Extracted data entries
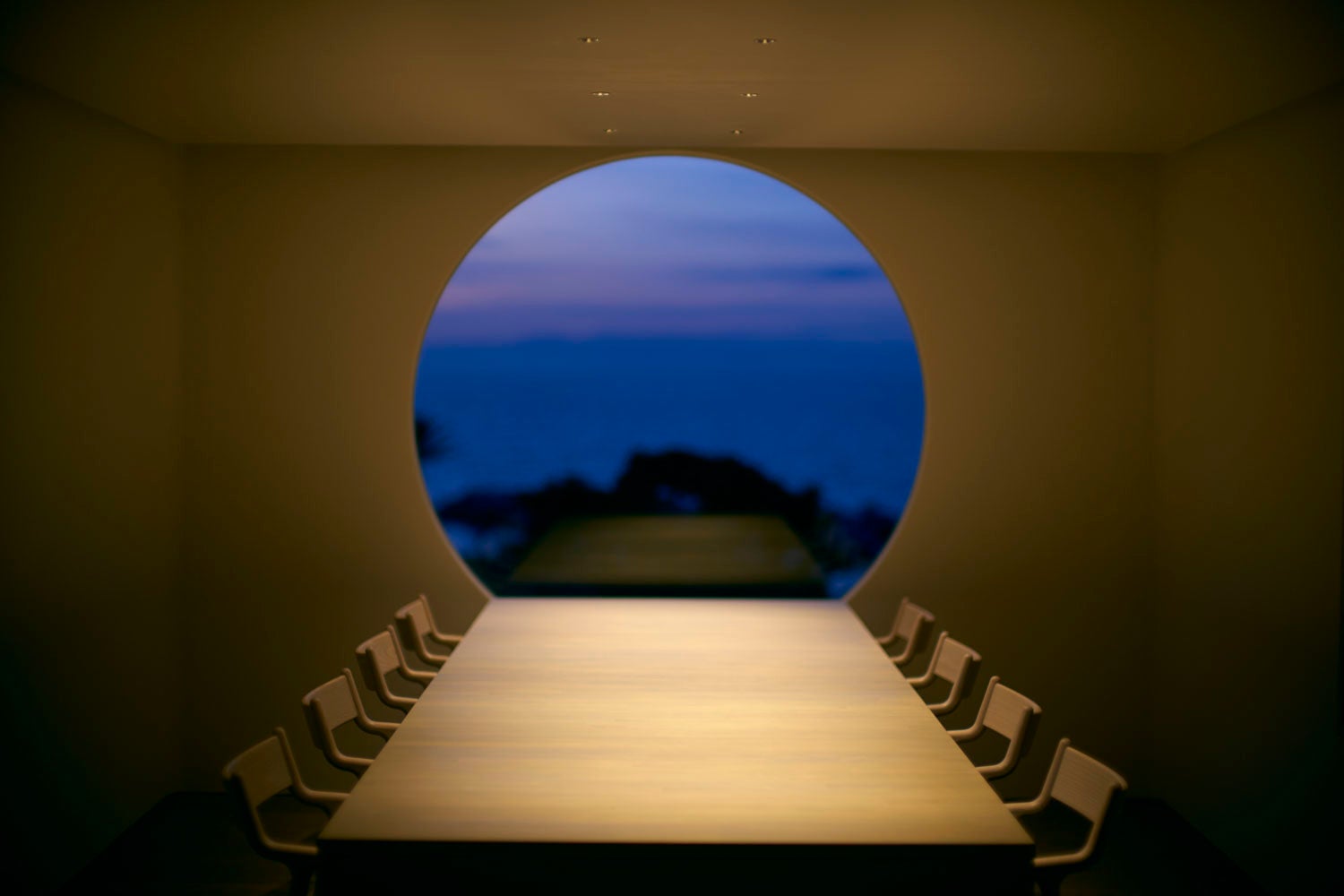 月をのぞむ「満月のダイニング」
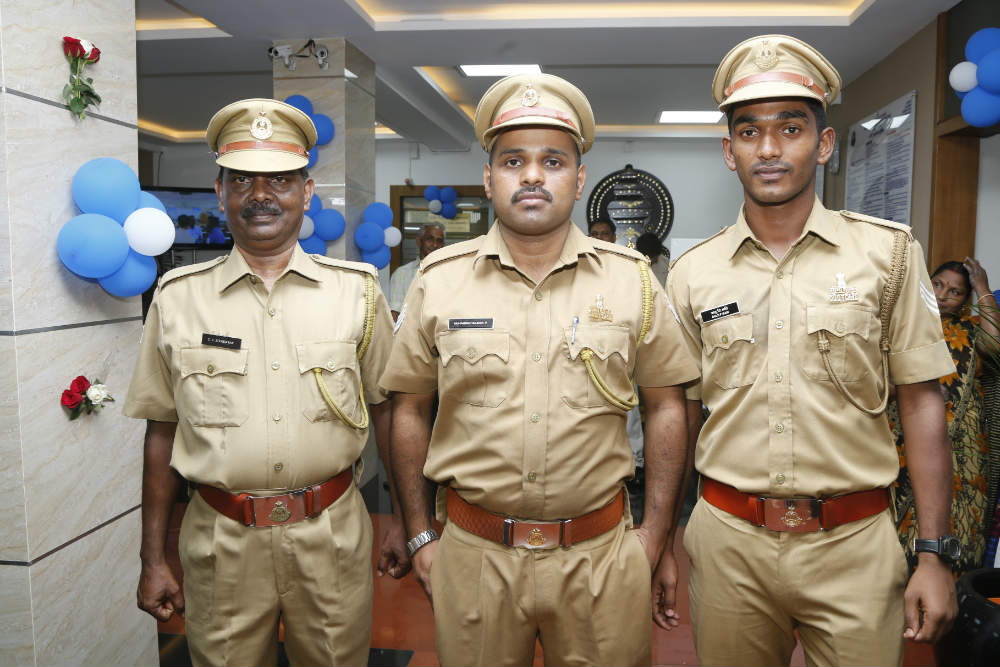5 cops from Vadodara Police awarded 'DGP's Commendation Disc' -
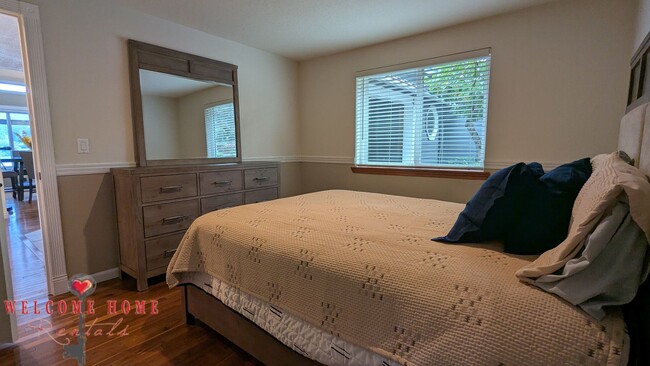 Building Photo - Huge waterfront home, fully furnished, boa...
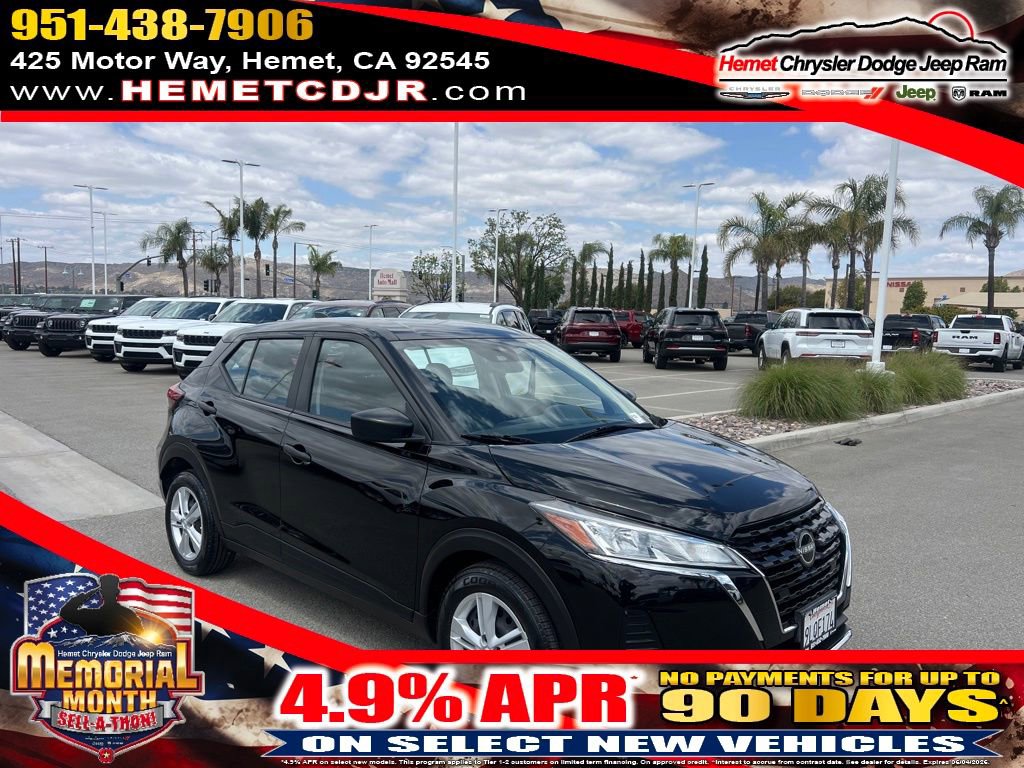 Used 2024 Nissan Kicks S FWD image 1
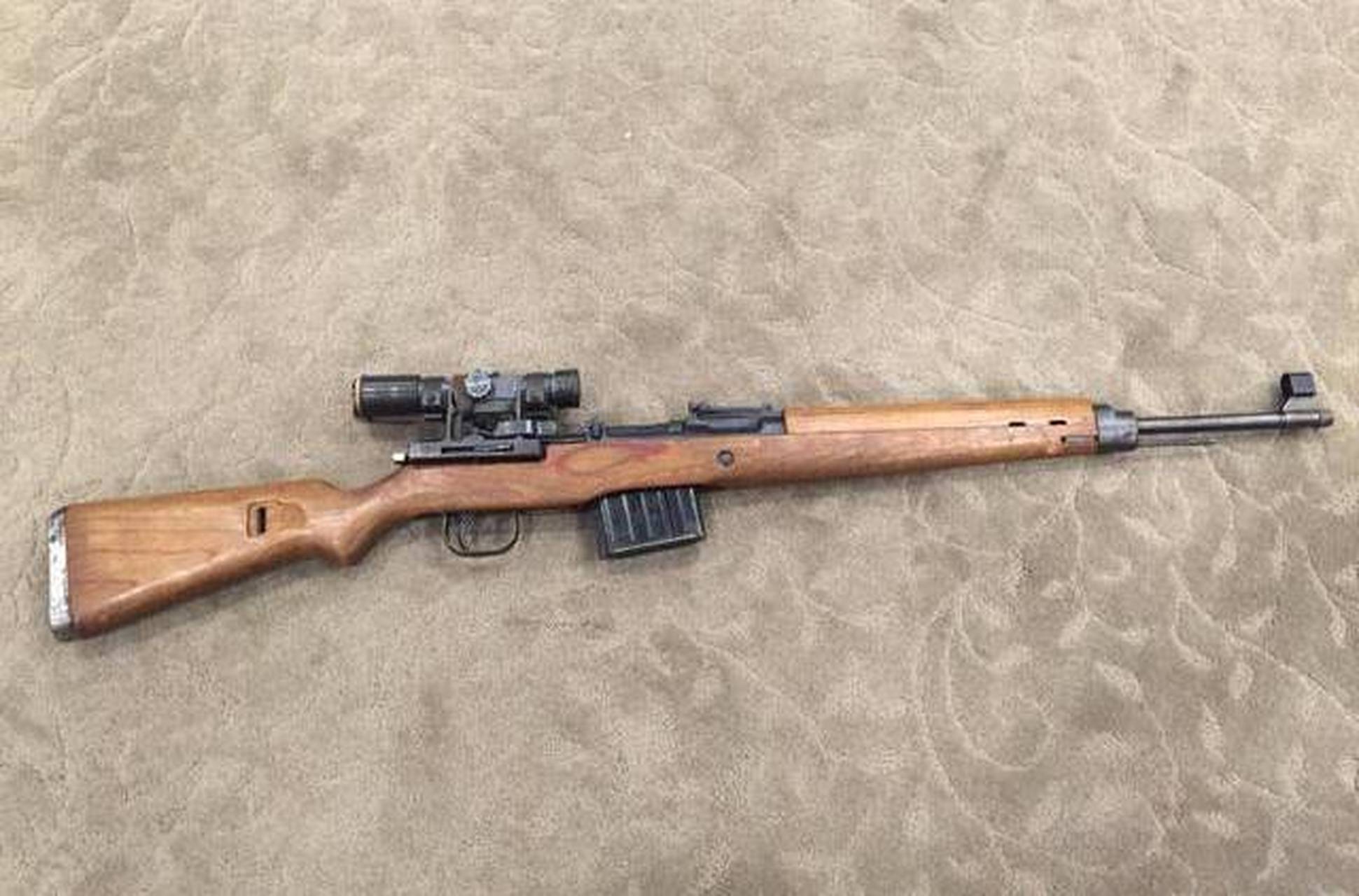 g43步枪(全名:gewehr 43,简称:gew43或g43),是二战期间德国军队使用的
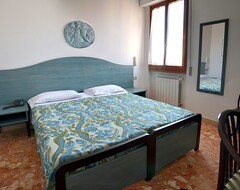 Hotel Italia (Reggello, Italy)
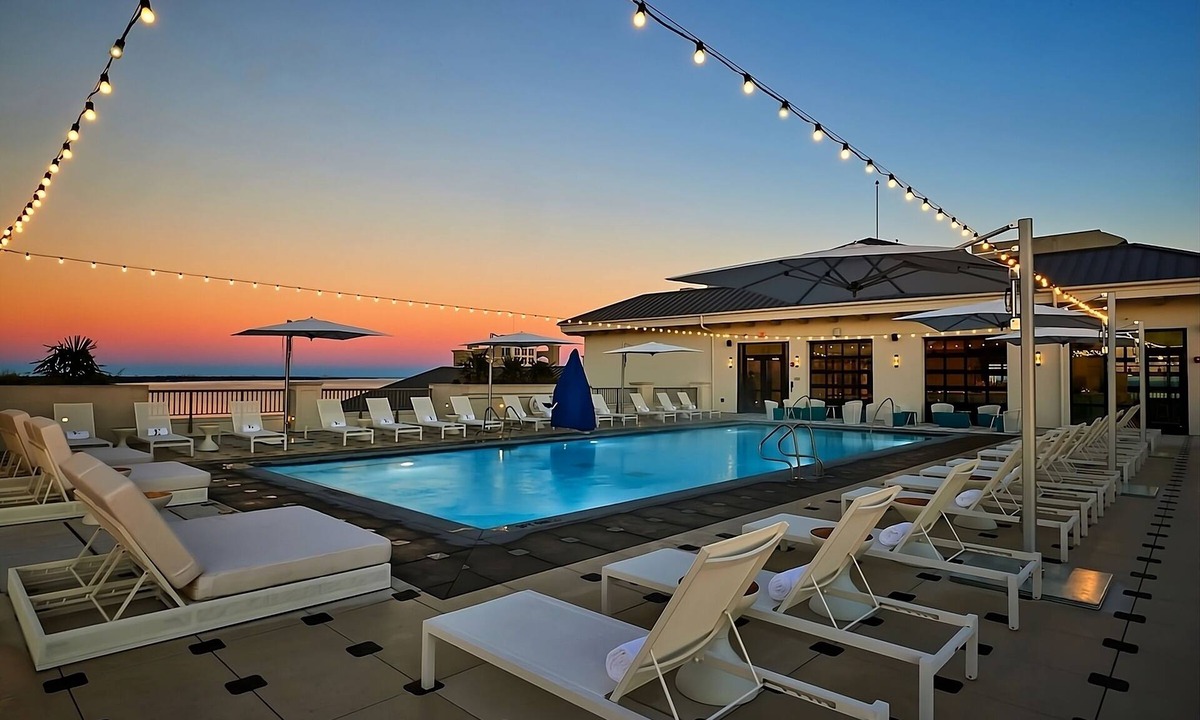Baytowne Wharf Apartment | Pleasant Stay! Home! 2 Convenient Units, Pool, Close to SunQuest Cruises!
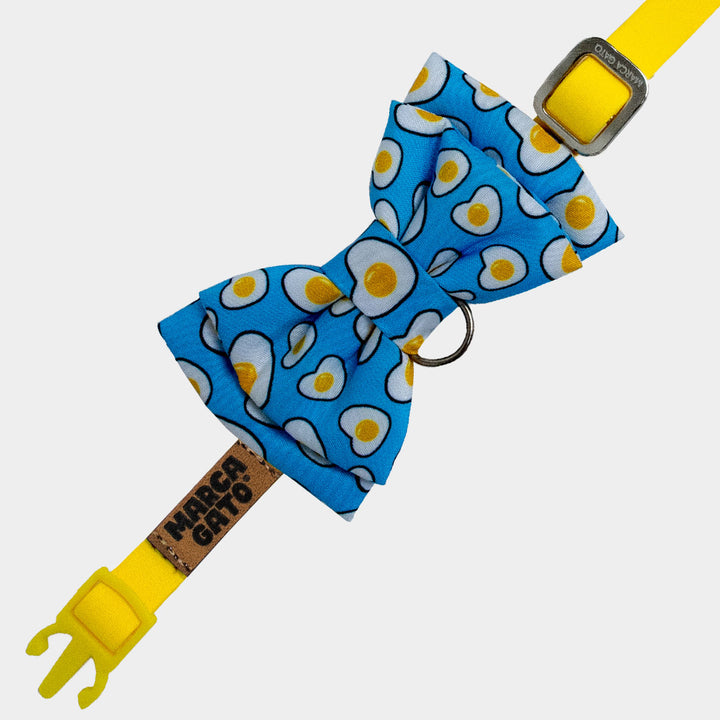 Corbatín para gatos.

What you should do: Output every line of the records above unchanged, and keep the pictures out.

Result of the task:
 月をのぞむ「満月のダイニング」
5 cops from Vadodara Police awarded 'DGP's Commendation Disc' -
 Building Photo - Huge waterfront home, fully furnished, boa...
 Used 2024 Nissan Kicks S FWD image 1
 g43步枪(全名:gewehr 43,简称:gew43或g43),是二战期间德国军队使用的
 Hotel Italia (Reggello, Italy)
Baytowne Wharf Apartment | Pleasant Stay! Home! 2 Convenient Units, Pool, Close to SunQuest Cruises!
 Corbatín para gatos.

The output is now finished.